● TASK BRIEF:
The reply is to contain the full listing, repeated exactly, with pictures left out.

● AVAILABLE DATA:
━━━━━━━━
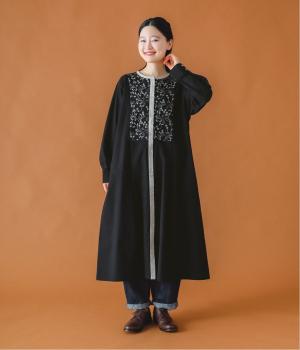 起毛コットン配色刺繍入りワンピース(ブラック-F)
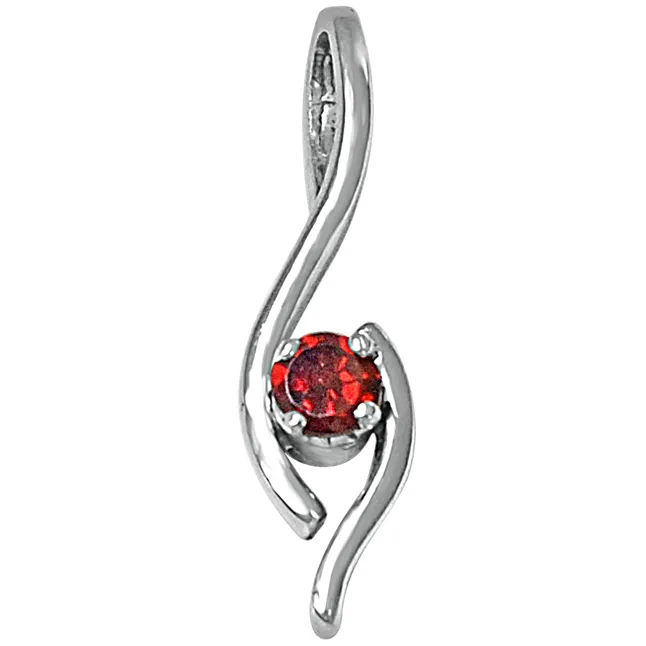 Elegant Round Red Garnet & 925 Sterling Silver Pendant with 18 IN Chain (SDP460)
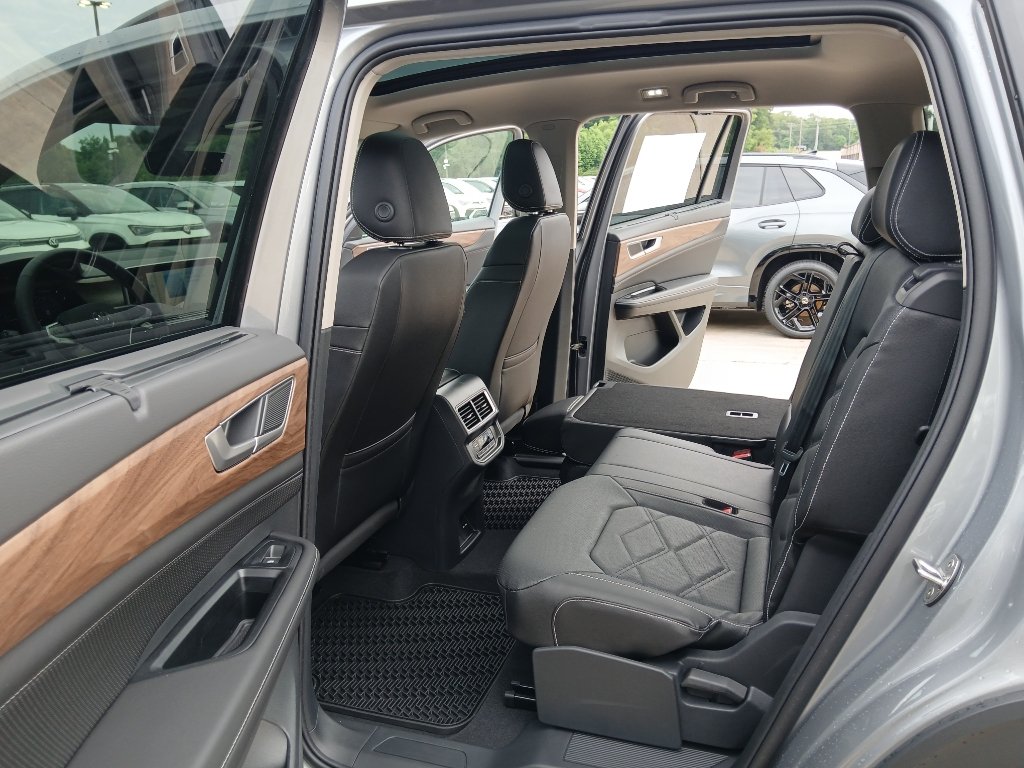 New 2026 Volkswagen Atlas SE FWD image 20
━━━━━━━━
● TASK RESULT:
 起毛コットン配色刺繍入りワンピース(ブラック-F)
 Elegant Round Red Garnet & 925 Sterling Silver Pendant with 18 IN Chain (SDP460)
 New 2026 Volkswagen Atlas SE FWD image 20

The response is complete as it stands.